Year 2, Month 5, Day 29: Happy Whatever.

Another response to the UK plan to reduce GG emissions 50% by 2027, this one going to the San Francisco Chronicle.

Sent May 17:

Britain’s plans for drastic reductions in greenhouse gas emissions show that at least one government in the industrialized West is taking the threat of climate change seriously — which implies that the UK’s political establishment is capable of thinking in the long term. America, however, is paralyzed — incapable of any meaningful response, let alone one that unleashes our country’s creative and adaptive potential. The climate-change denialists currently in controlling the House of Representatives have a pathological resistance to scientific evidence, a proven inability to think beyond the next electoral cycle, and fiscal ties to the fossil fuel industry — a deadly combination of ignorance, cupidity and shortsightedness that should be an immediate disqualification for any elected office in this country. With our country’s unique combination of expertise and imagination, we could handily outdo Great Britain in emissions reduction — if we can stop denying the existence of climate change.

Warren Senders

May 29 is my birthday. I’m 53.

Year 2, Month 5, Day 28: Great. Really Great.
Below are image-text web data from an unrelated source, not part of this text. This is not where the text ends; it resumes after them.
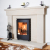 Stoves with Curved Glass Doors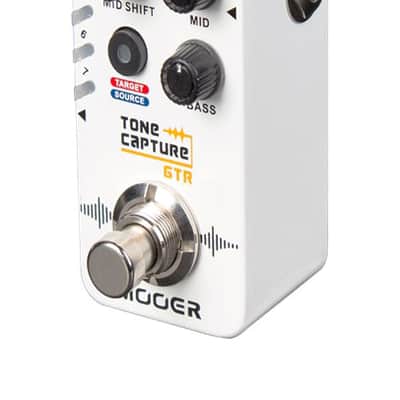 MOOER MTC2 Tone Capture GTR Guitar Tone Capture Tool/Sampler/EQ Effektgerät image 3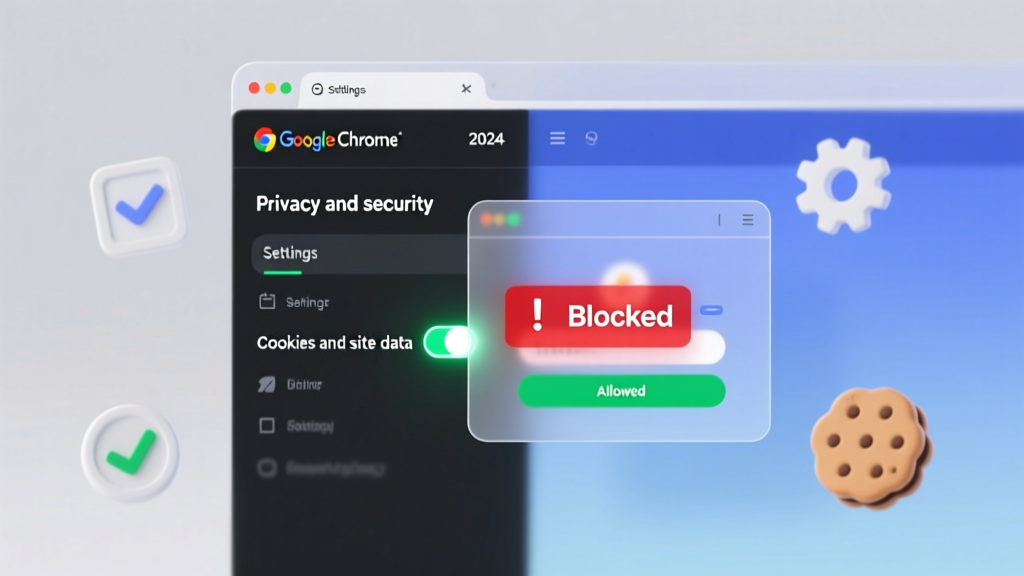 How to Allow Third Party Cookies on Chrome in 2024: A Step-by-Step Guide That Actually Works (No More 'Blocked' Errors or Broken Logins)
Great Britain does the right thing:

BRUSSELS — Britain is poised to announce some of the world’s most ambitious goals for reducing greenhouse gas emissions — a striking example of a government committing to big environmental initiatives while also pursuing austerity measures.

Chris Huhne, the secretary of state for energy and climate change, is expected to release a statement on Tuesday that the British government will set in law a goal to cut its greenhouse gas emissions about 50 percent by 2025.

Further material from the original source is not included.